• WHAT YOU ARE ASKED TO DO: Having located the line with "Appartement à BALARUC-LES-BAINS", print it and each remaining line exactly, stopping at the end of the material and omitting pictures.
"""
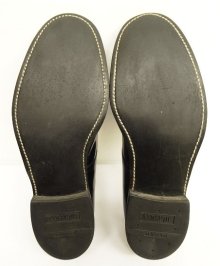 他の写真3: 80'S アメリカ軍 US NAVY "INTERNATIONAL SHOE CO製" ラバーソール サービスシューズ (VINTAGE)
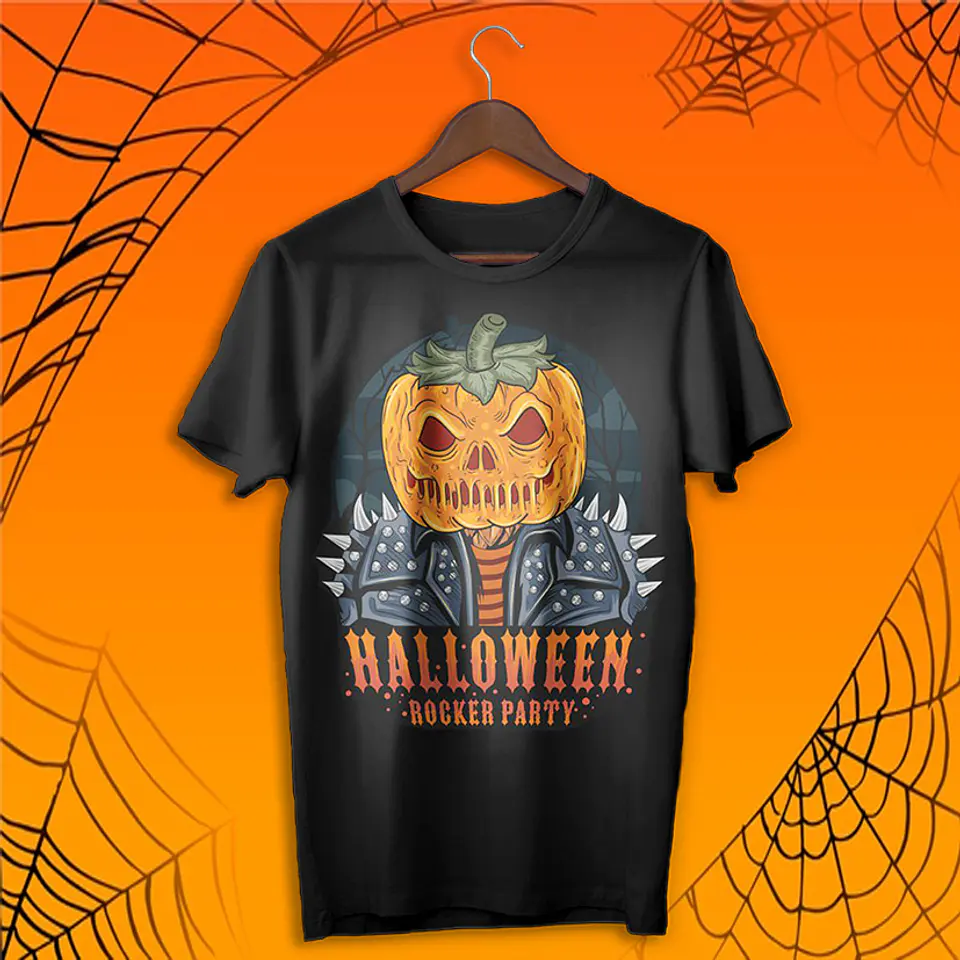 T-shirt Halloween 1 10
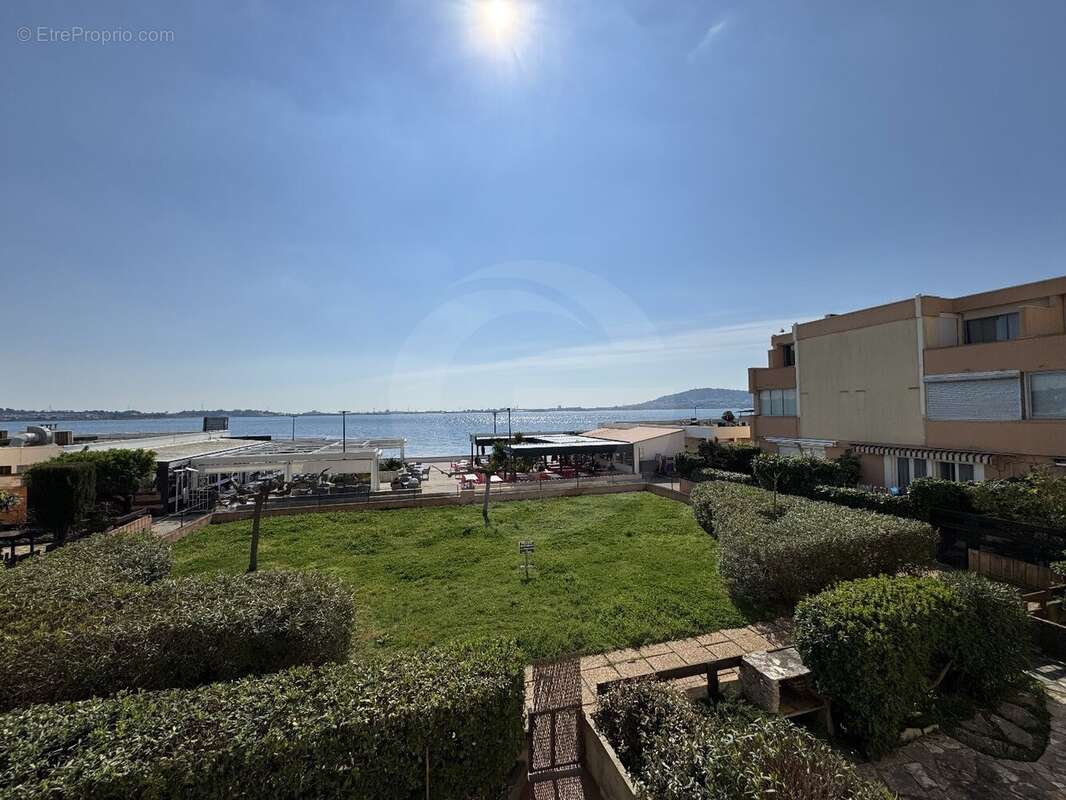 Appartement à BALARUC-LES-BAINS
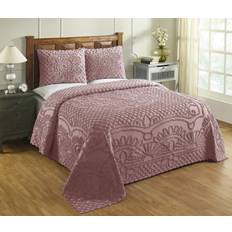 Better trends BSTRKIPI Bedspread Pink (279.4x)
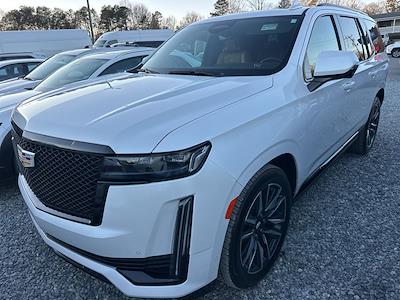 Used 2021 Cadillac Escalade Sport for sale #1CT6184 - photo 1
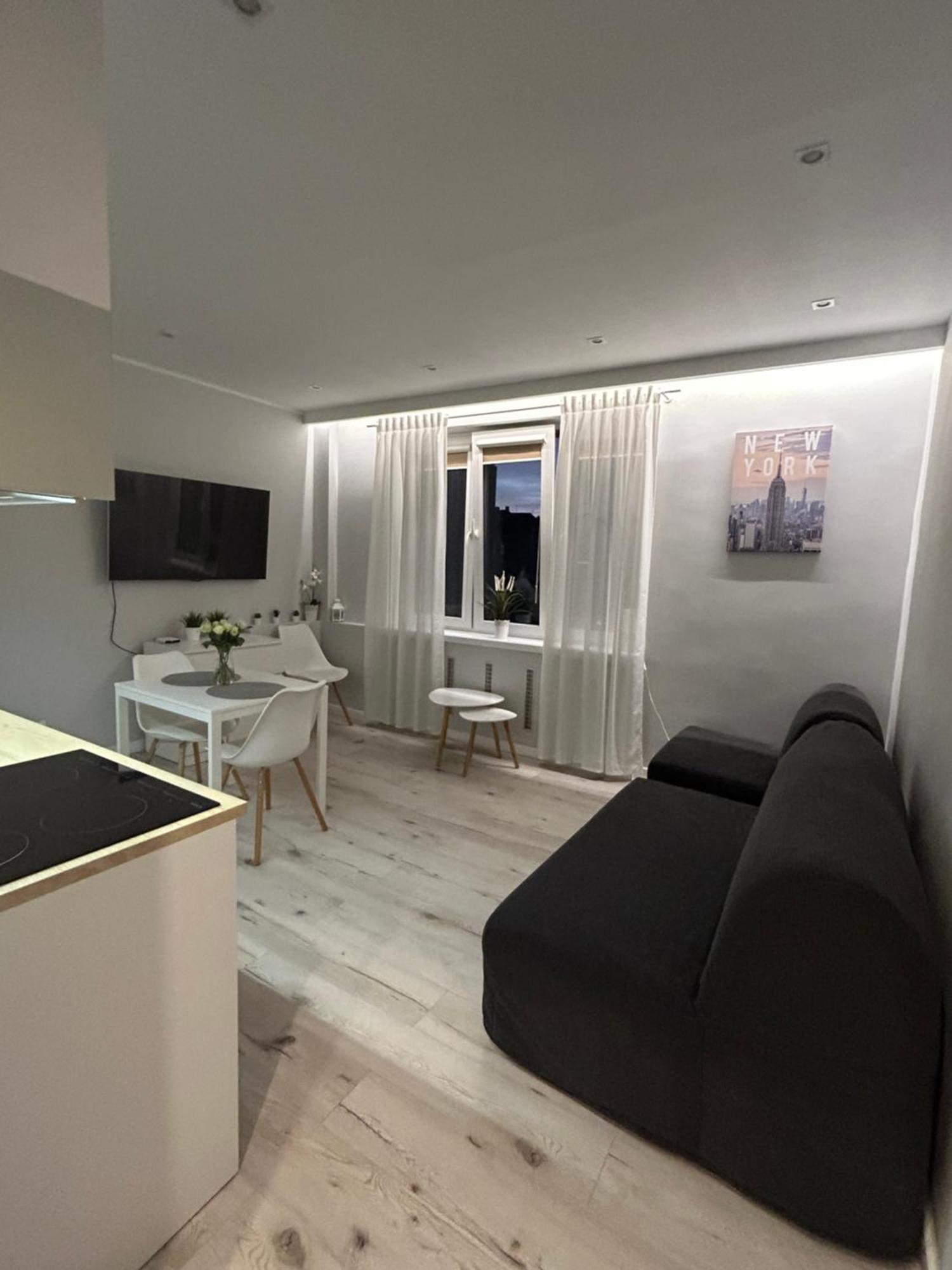 Apartament Na Dworcowej Centrum Parking Gratis Vratislav Exteriér fotografie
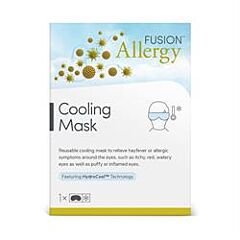 Fusion Allergy Cooling Mask (1 box)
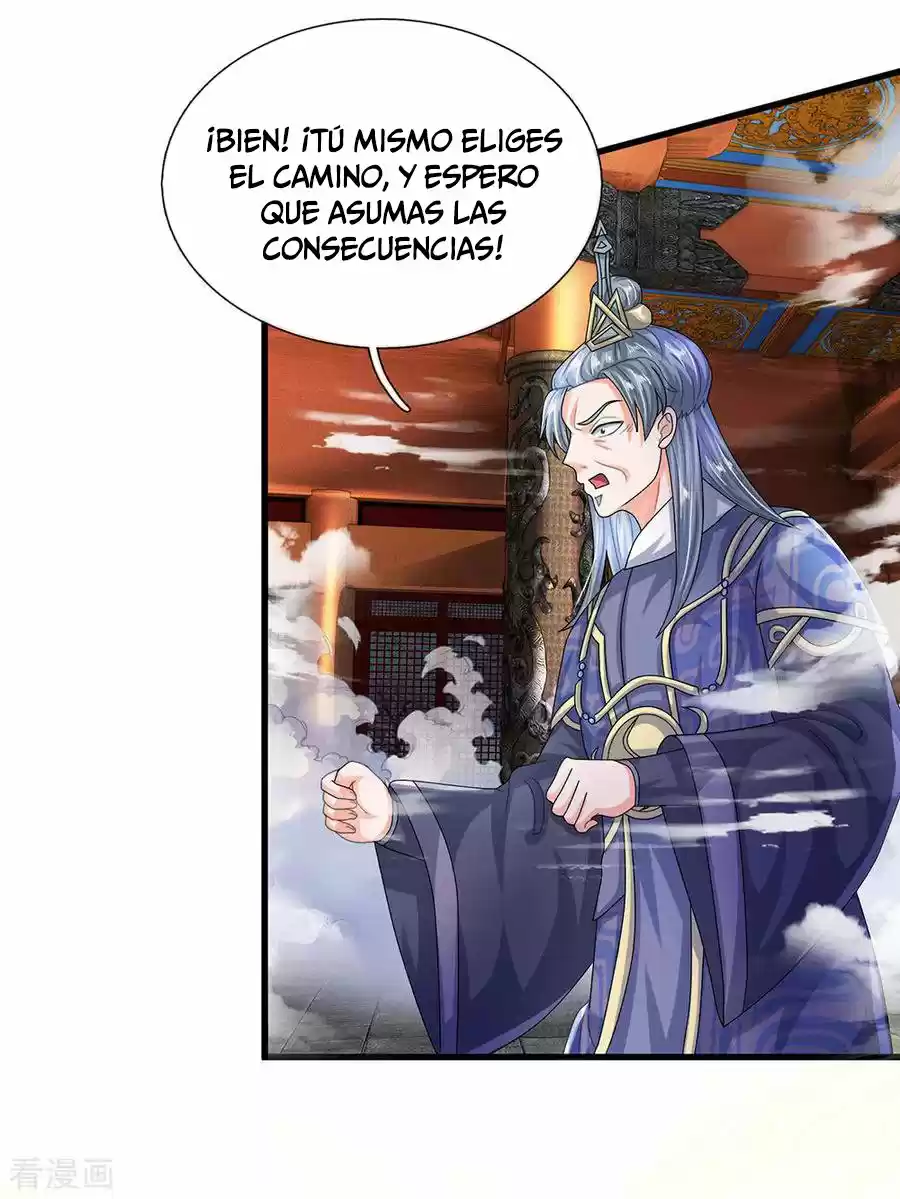 Shura Sword Sovereign - Capítulo 65 - Página 4 - LectorTMOo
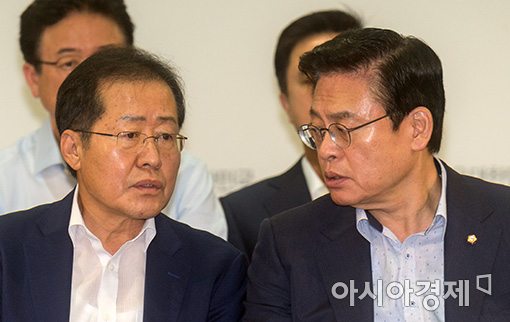 'MBC 사태'에 강경책 쓰는 한국당 지도부…'단일대오' 강조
"""
• REPLY TO THE TASK:
 Appartement à BALARUC-LES-BAINS
 Better trends BSTRKIPI Bedspread Pink (279.4x)
 Used 2021 Cadillac Escalade Sport for sale #1CT6184 - photo 1
 Apartament Na Dworcowej Centrum Parking Gratis Vratislav Exteriér fotografie
 Fusion Allergy Cooling Mask (1 box)
 Shura Sword Sovereign - Capítulo 65 - Página 4 - LectorTMOo
 'MBC 사태'에 강경책 쓰는 한국당 지도부…'단일대오' 강조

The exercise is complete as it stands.